По пути в поселок я размышлял о том, во что же превратил его вчерашний ливень, разразившийся после столь долгого отсутствия осадков. Поглощенный этими мыслями, я не сразу заметил небольшой, похожий на кисть человеческой руки предмет, лежавший в полосе пены футах в двадцати от меня. Это действительно могла быть человеческая рука — и при этой мысли меня охватило инстинктивное отвращение. Ни рыба, ни другое живое существо не могли иметь таких форм — это и в самом деле была человеческая рука с распухшими, полуразложившимися пальцами… Приблизившись к ужасному предмету, я перевернул его концом ботинка, не желая прикасаться руками к этой гадости; но она прилипла к подошве, будто стремясь намертво присосаться ко мне и заразить меня мерзостью разложения. Движением ноги я поспешил отшвырнуть зловещую находку в воду, где она и исчезла в набегавших на берег волнах.
Пожалуй, учитывая несомненное сходство моей находки с человеческой рукой, мне следовало бы сообщить о ней властям. С другой стороны, принимая во внимание ее довольно-таки двусмысленную природу, этого как раз и не следовало делать. Обнаруженная мною кисть являлась уцелевшей частью чьей-то руки, которая, в свою очередь, была явно съедена неким обитающим в море чудовищем; но все же не думаю, что мою находку можно было бы с полной уверенностью идентифицировать как свидетельство возможной трагедии. Разумеется, я вспомнил и о многочисленных утонувших в этом сезоне, и о некоторых других загадочных и необъяснимых явлениях — и тем не менее решил хранить молчание об увиденном мною зловещем предмете. Самый факт его присутствия посреди чарующего, девственно чистого после штормового дождя пляжа подействовал на меня не лучшим образом. Я еще раз убедился в том, что смерть совершенно безразлична к красоте и зачастую не отличает ее от мерзости разложившейся плоти, а иногда так и просто предпочитает последнюю. Впрочем, добравшись наконец до Эллстона, я не услышал никаких разговоров о новых несчастных случаях на море; не было ничего такого и в местной газете — к слову сказать, единственной, которую я здесь изредка почитывал.
Не берусь описать то умственное состояние, в котором я пребывал в продолжение нескольких последующих дней. Всегда чересчур восприимчивый к воздействию мрачных эмоций, источником которых могло быть как мое собственное душевное состояние, так и какие-нибудь внешние факторы, я был охвачен чувством, которое ничем не напоминало страх или отчаяние; нет, скорее это было осознание ужаса и даже какой-то изначальной мерзости жизни — чувство, отчасти отражавшее особенности моей психики, отчасти являвшееся результатом неустанных размышлений о том полуразложившемся предмете, что мог быть человеческой рукой.
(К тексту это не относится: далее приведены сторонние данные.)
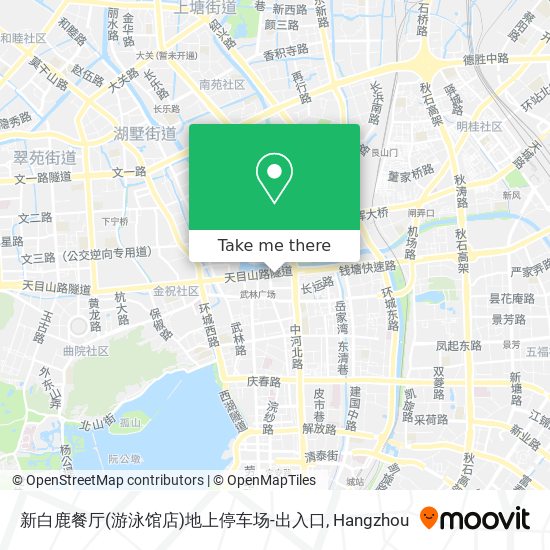 新白鹿餐厅(游泳馆店)地上停车场-出入口 map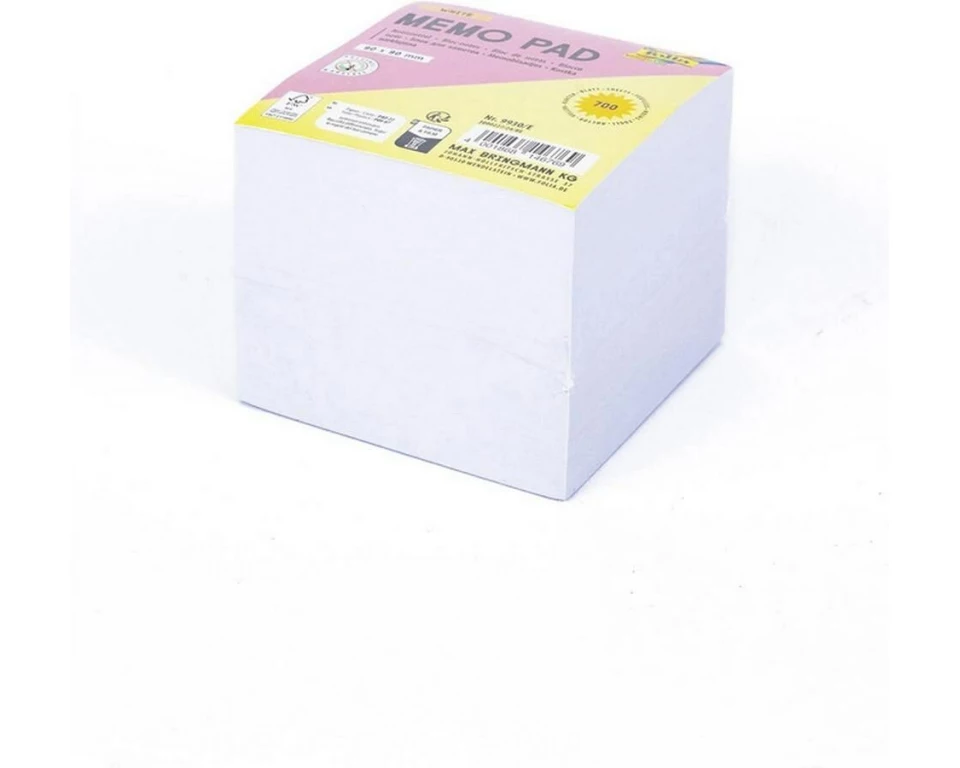 WEDO Notizzettel, 90 x 90 mm, 700 Blatt, Weiss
В те дни меня постоянно посещали видения, в которых фигурировали угрюмые утесы и движущиеся на их фоне темные силуэты из сказки моего детства. В иные минуты я ощущал всем своим существом гигантскую черноту, владычествующую в равнодушной к человеческим страстям Вселенной… Приподнятое настроение последних дней сменилось ленью и апатией — я чувствовал, что жизнь утомляет меня и что лучше бы ей вообще прервать свой бег. Безотчетный страх сковывал мое сознание. Непонятно, чего я так боялся — то ли ненависти взиравших на меня сверху вниз звезд, то ли огромных черных волн, что стремились поглотить меня и увлечь в свои пучины, преподав мне урок мести равнодушного и ужасного в своем непревзойденном величии ночного океана.
Нечто такое, что скрывалось во тьме за неустанным движением морской стихии, вызывало в моей душе сначала едва ощутимую, а затем все более острую боль, и вскоре у меня перед глазами возникла фантасмагорическая картина, где причудливо перемешались пурпурные облака, застывшая морская пена, одиноко стоящий на пустынном берегу дом и шутовские, гротескные фигуры на грязных улицах Эллстона, куда с некоторых пор я совсем перестал ходить, не желая больше сталкиваться с этой жалкой пародией на курортную жизнь. Подобно моей одинокой душе, поселок возвышался над окружавшим его со всех сторон темным морем, к которому у меня постепенно нарастала глухая ненависть. Неоднократно за это время я вспоминал найденный мною на пляже предмет, и у меня уже почти не оставалось сомнений в том, что некогда он был частью человеческой руки.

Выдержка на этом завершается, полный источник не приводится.